“I’m not a religious person,” explains Nigeria-born, Vienna-raised Kenneth Ize, before reciting John 3:16. A hangover from a youth spent in catholic churches in Lagos, the verse may not guide his choices, but his sartorial memories from the time certainly do. Ize describes the vibrant traditional dress his mother wore to church (and the matching outfits she insisted Ize and his brother wear) as the starting point for the collection he showed on 24 February at Paris’s Palais de Tokyo — his debut at the French fashion week.

Ize, who relaunched his eponymous label in 2016 with menswear, now shows on the women’s schedule with dual-gender collections, thanks to the fact that a majority of his men’s pieces were actually being bought by women. The 29-year-old is now based back in Lagos, but divides his time between Vienna (where he studied at Austria’s University of Applied Arts under the tutelage of Hussein Chalayan), Paris, Italy and Nigeria, where he works with artisans in the craft of aso oke handweaving, a technique developed by the Yoruba people to create the traditional cloth for special occasions.

Photography Jamie Stoker 

From this vibrant cloth, he cuts boldly tailored separates that have already found fans such as Beyoncé, Naomi Campbell and Donald Glover.

Speaking to Vogue from Vicenza, Italy, while overseeing the final touches of production of his AW20 collection, Ize reveals the story behind his Paris Fashion Week debut.

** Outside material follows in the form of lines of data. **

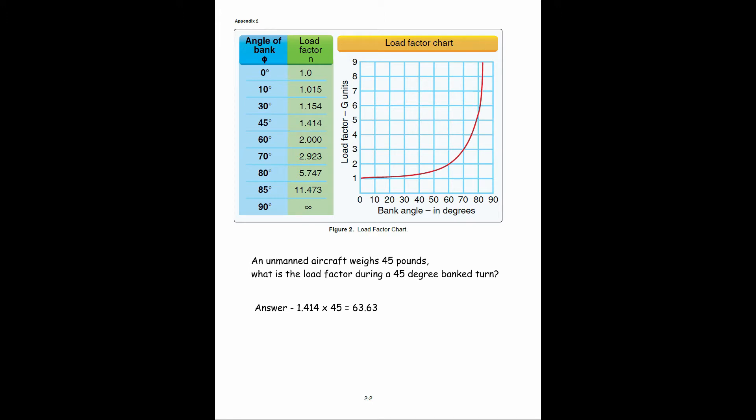On the exam, they might have an answer that's rounded, such as 63. If that's the case, just answer 63.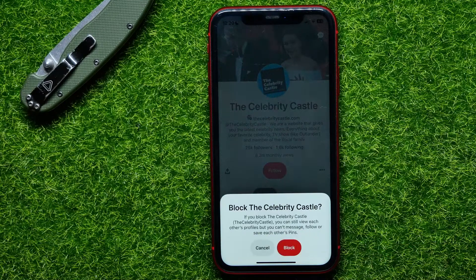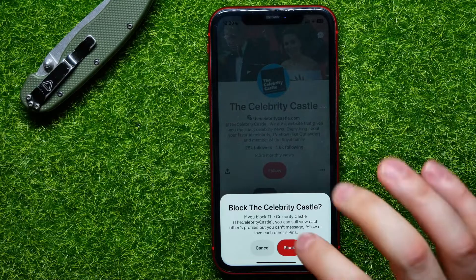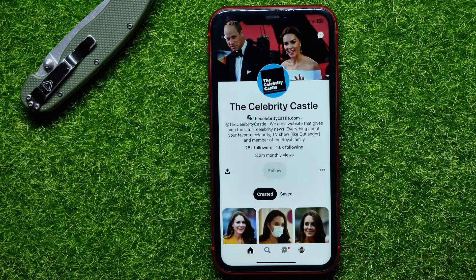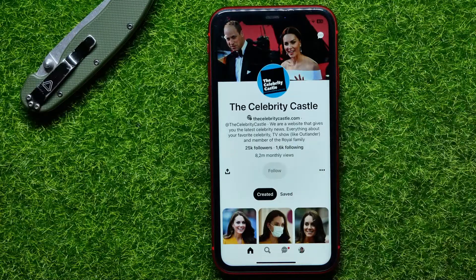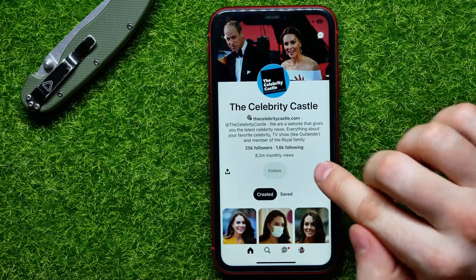It says that if you block that profile, you can still view each other's profiles, but you can't message, follow, or save each other's pins. I can hit Block, and at any time I can also unblock that profile.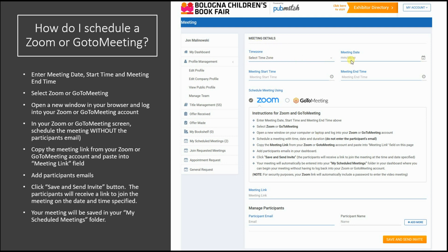Be sure you're selecting the proper time zone of your meeting. Enter the meeting date, the start time, and the meeting end time. Then select Zoom or GoToMeeting.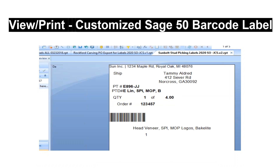This view displays the first of four shipping labels to print. When print is selected, the labels will be sorted by sales order number by line item.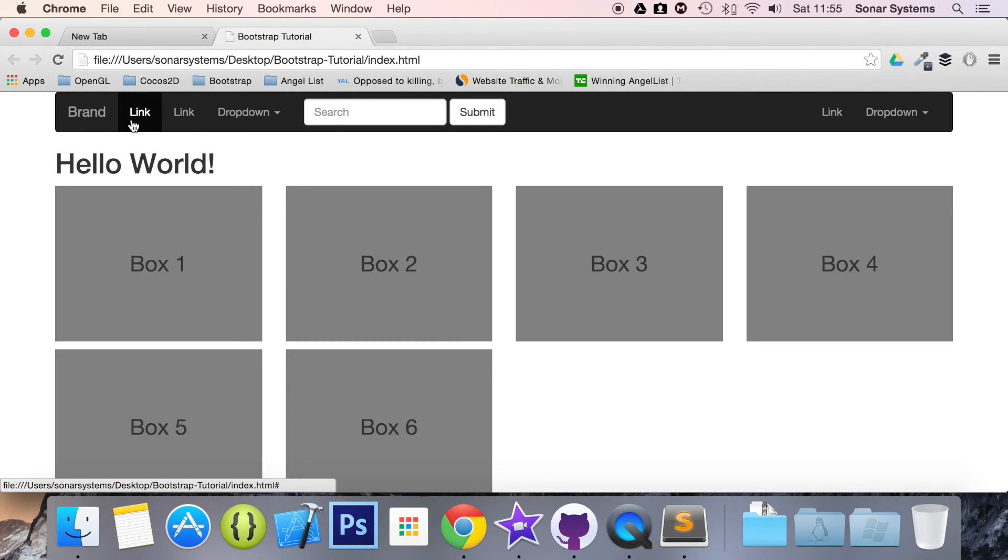The next tutorial will cover breadcrumbs. If you have any questions, feel free to message us at the portal at SonarSystems.co.uk, and the required source code will be in the description.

On fostering social enterprise

“When I moved back to Nigeria [in 2016], I was shocked by how many resources we had, not just natural resources, but artisans creating things with their hands. And then I fell in love with aso oke cloth because it doesn’t consume electricity to create, just a person and the fibre. [The artisans] are incredible; they empower me to open my mind, to think faster, to approach things in different ways and find solutions to problems. I started listening to the stories from the craftspeople and it broke my heart to see that you can have so much talent and you can’t feed yourself from it.”

Photography Jamie Stoker 

On the ideas and inspiration behind his AW20 collection

“I tried to reflect back to the time when [my family and I] were in Africa and how things changed all of a sudden when we moved to Europe. My mother stopped wearing African outfits every day, only wearing them on Sundays. On Mondays, she would go to work in corporate clothing and be a completely different person. She was always so looking forward to Sundays because it was the only time she could really express where she was from and her culture.”